Ronald: Você tem um estilo de rima bem punchline, porrada atrás de porrada, é um rap de batalha, marrento. Como você foi desenvolvendo esse estilo?

Souto: Os primeiros RAP’s que eu tive contato eram assim… E aí depois pra ouvir os gringos eu procurava quem tivesse essas mesma caracteristicas porque eram coisas que eu também pensava e era bem parecido com o meu modo de escrever e tal… A forma como eu fui criada também ajudou muito nisso, a minha personalidade sempre foi meio assim,rs.

Ronald: Como foi gravar Selvagem e colaborar com o Emicida?

Souto: Foi foda! HAHAHAHA. Ele é um cara que eu sou muito fã por toda a história dele dentro do Hip Hop e toda a perspectiva que se abriu depois do trabalho dele, que quer queira ou não, tem que ser reconhecida. Eu fiquei feliz demais por ter a oportunidade de trabalhar com tantas pessoas que foram e continuam sendo minhas referências. Foi realização de sonho mesmo. Foi uma onda!

Ronald: Foda. E quando você falou “vou ser essa parada de rap, num tem outra”?

Souto: Teve uma situação que eu nunca vou esquecer: eu tinha 18 anos e trampava numa loja de bacana (que eu odiava), e aí eu me peguei chorando no estoque, pensando: “Que que eu tô fazendo aqui? Eu nunca quis isso aqui, eu QUERO RAP” e aí saí do trampo. Ali, mesmo sem perceber eu tinha entendido que não adiantava correr porque eu não iria ser feliz de nenhum outro jeito. Parece clichê mas é a real, quem tá no corre tá ligado.

Ronald: E quando a gente vai poder ver um projeto mais longo seu?

Souto: Eu estou me organizando pra que algo saia ainda esse ano. Tem muitas coisas que eu quero fazer mas eu preciso de tempo pra fazer do jeito que eu sonhei e tal… Mas vai rolar logo menos!

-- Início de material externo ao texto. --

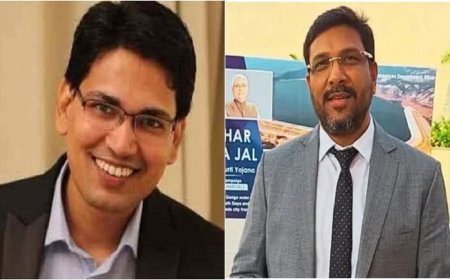 टेंडर घोटाला : आईएएस अभिलाषा और योगेश सागर पर सीधे संलिप्तता के सबूत नहीं, संजीव हंस होंगे गिरफ्तार !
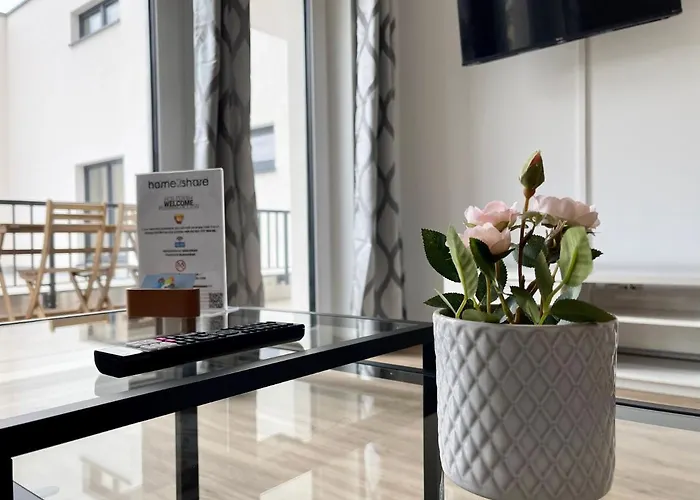 Schoene In Der Innenstadt Von I Home2share Apartman *
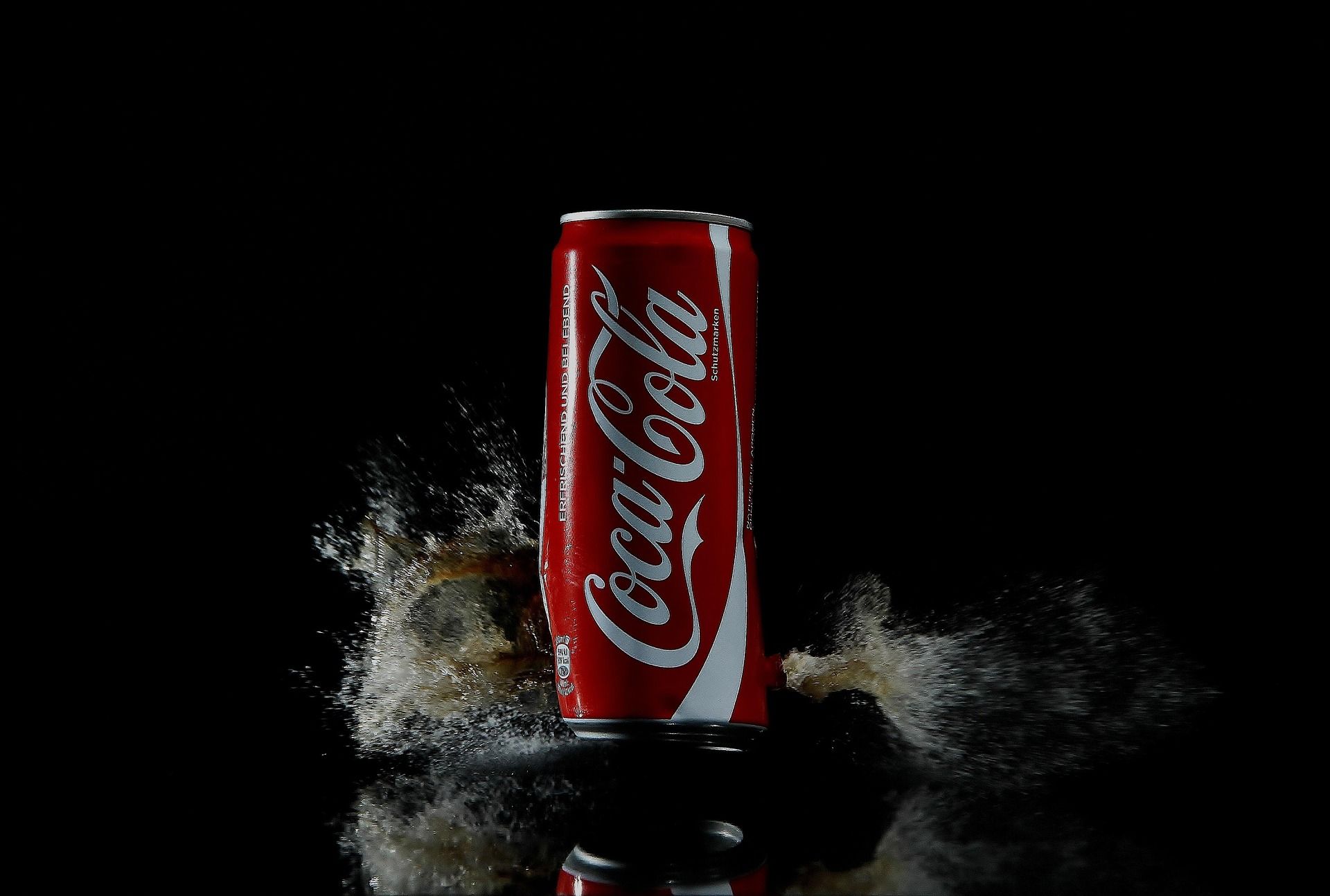 Coca-Cola - Application de body tracking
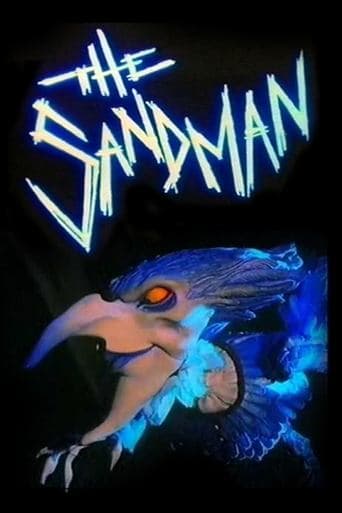 Movie poster for The Sandman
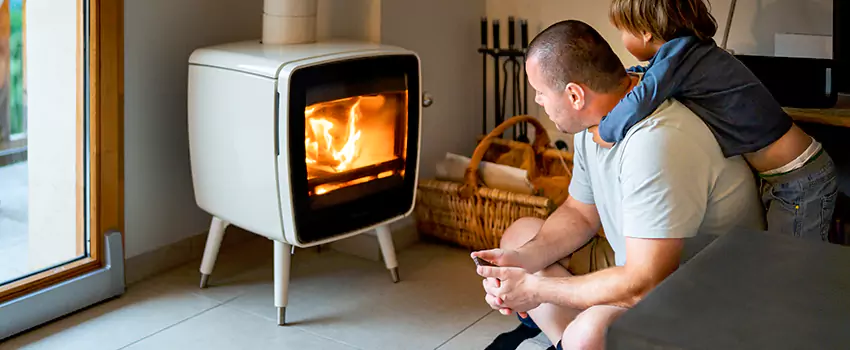 Fireplace Flue Maintenance Services in Bellaire, TX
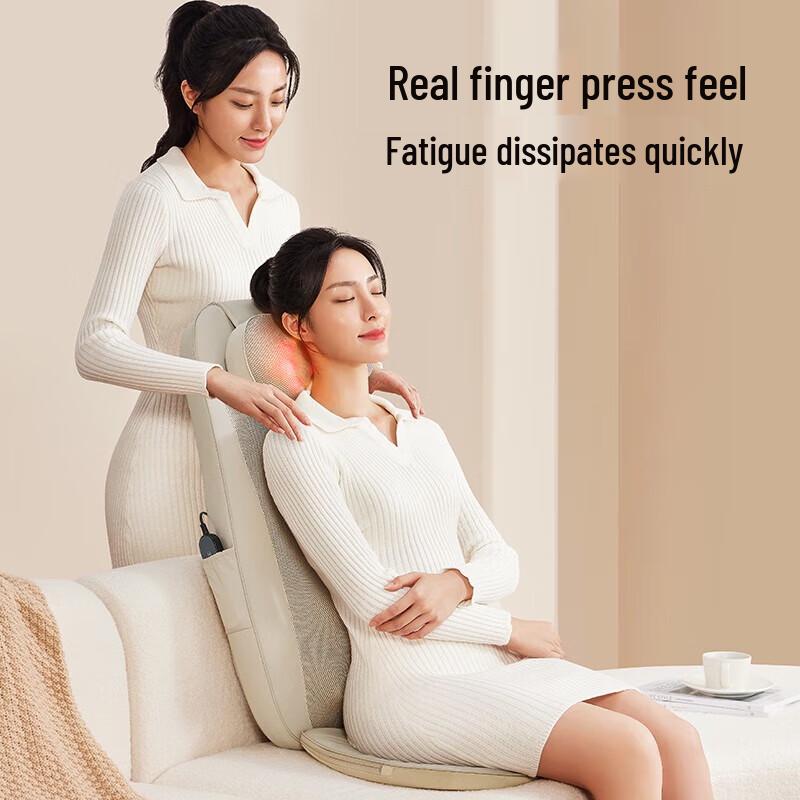 CHIGO Full Body Massage Cushion with Heat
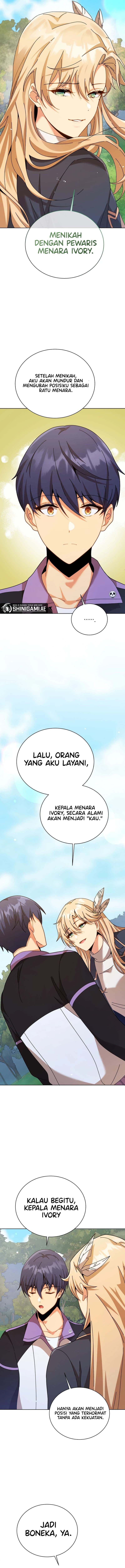 Necromancer Academy and the Genius Summoner Chapter 128 – halaman 8
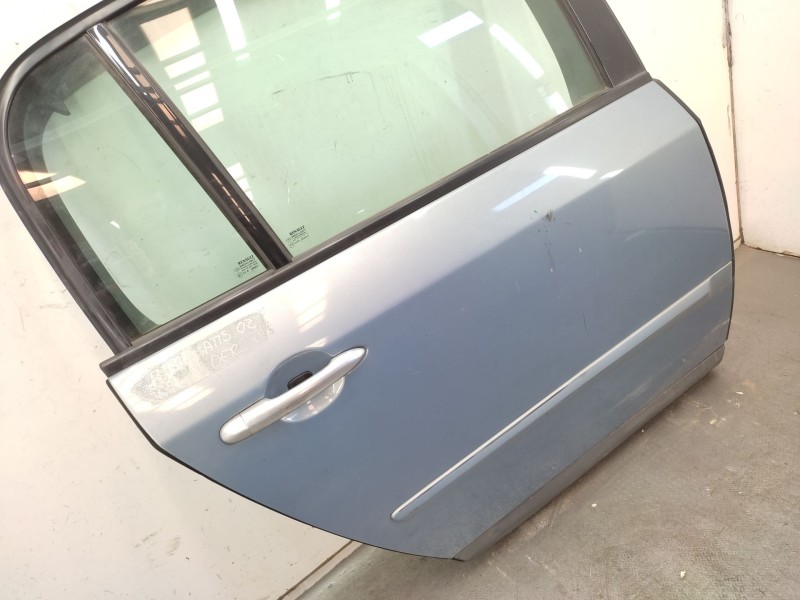Recambio de puerta trasera derecha para renault vel satis (bj0) 2.2 dci turbodiesel referencia OEM IAM   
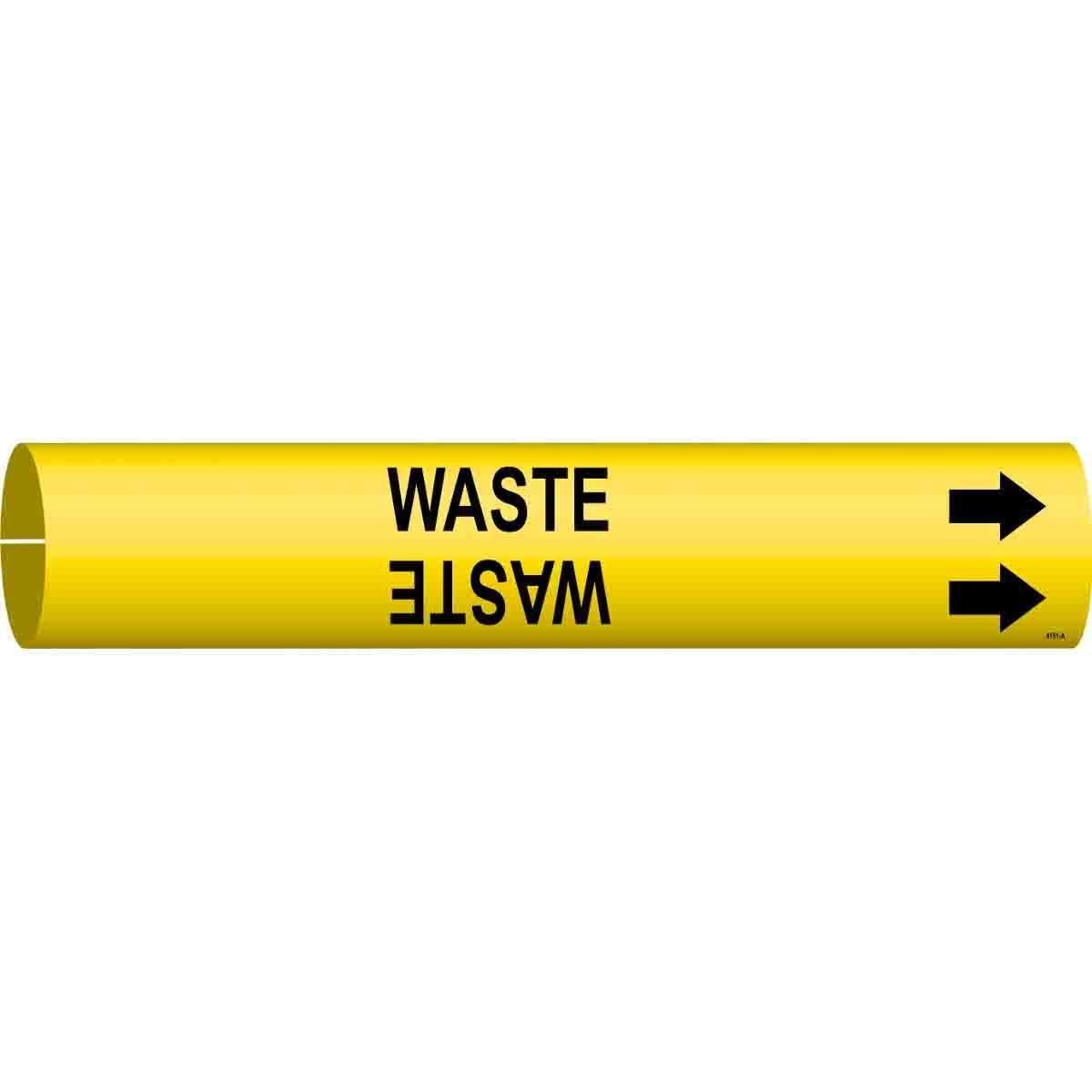 Brady® 4151-A Pipe Markers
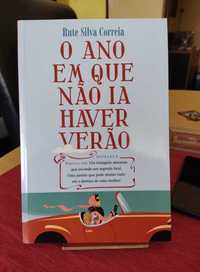 Livro “O ano em que não ia haver verão"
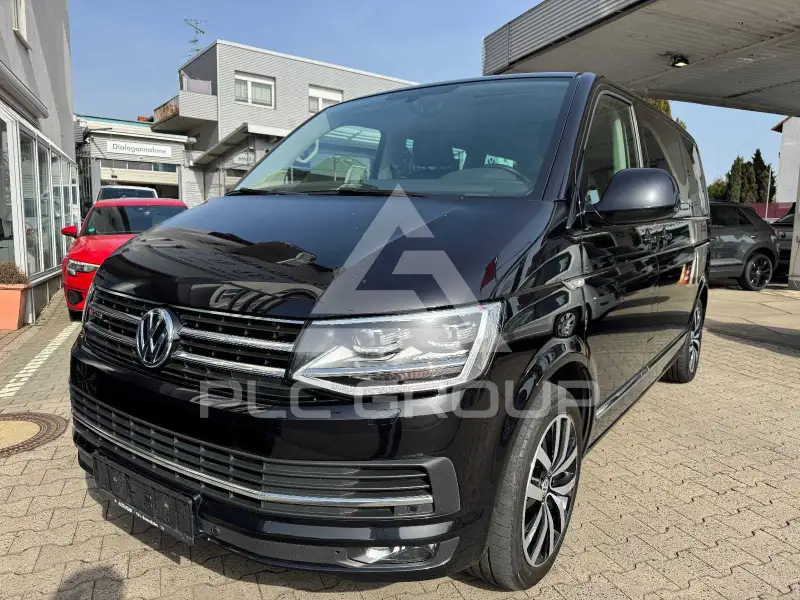 2018 Volkswagen T6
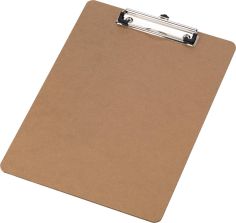 Portapapeles Nimra | MDF reciclado | A4 Personalizada | Goodie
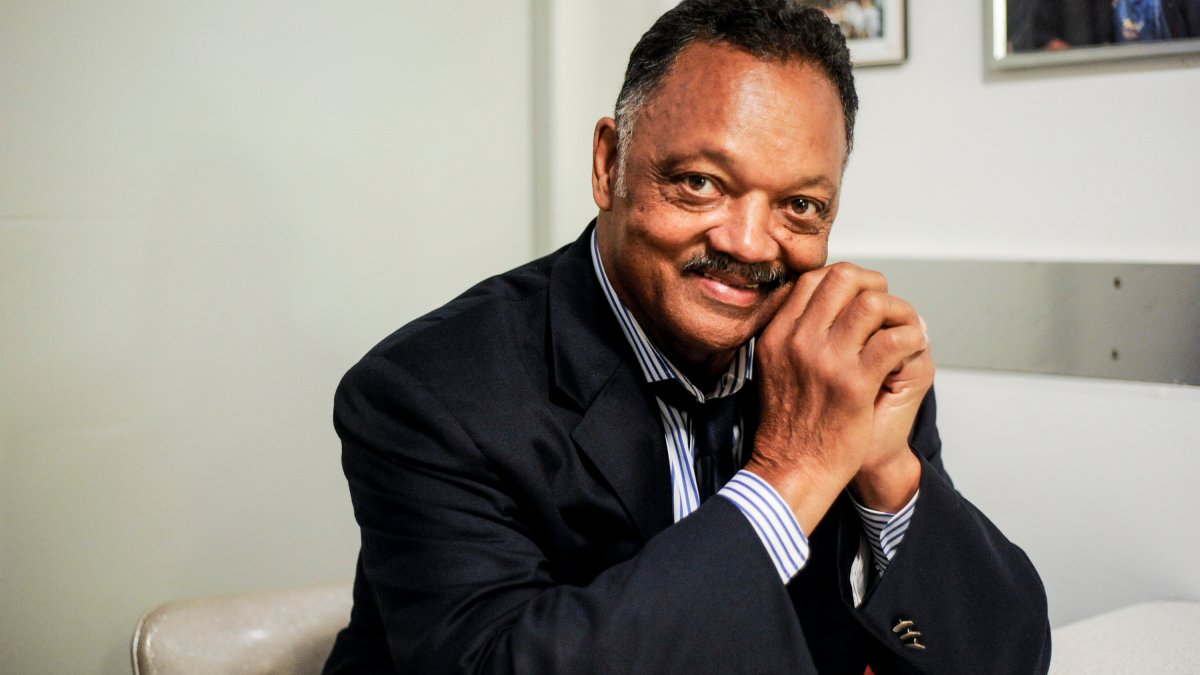 Rev. Jesse Jackson, civil rights icon, dies at 84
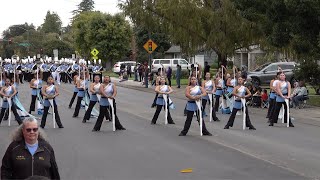 El Capitan HS - The Caravan Club March - 2025 Lincoln Review of Champions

Ronald: Vou aguardar pacientemente. Pra fechar: por que você é Hip Hop?

Souto: Porque o HIP HOP me deu sonhos e fez com que eu realizasse sonhos que eu nem tinha pensado em sonhar! O HIP HOP salva vidas e te dá um horizonte, um norte. HIP HOP educa. A música educa e tudo que eu mais quero é ser pro HIP HOP o que ele é pra mim, e poder dar de volta toda essa força que me foi dada.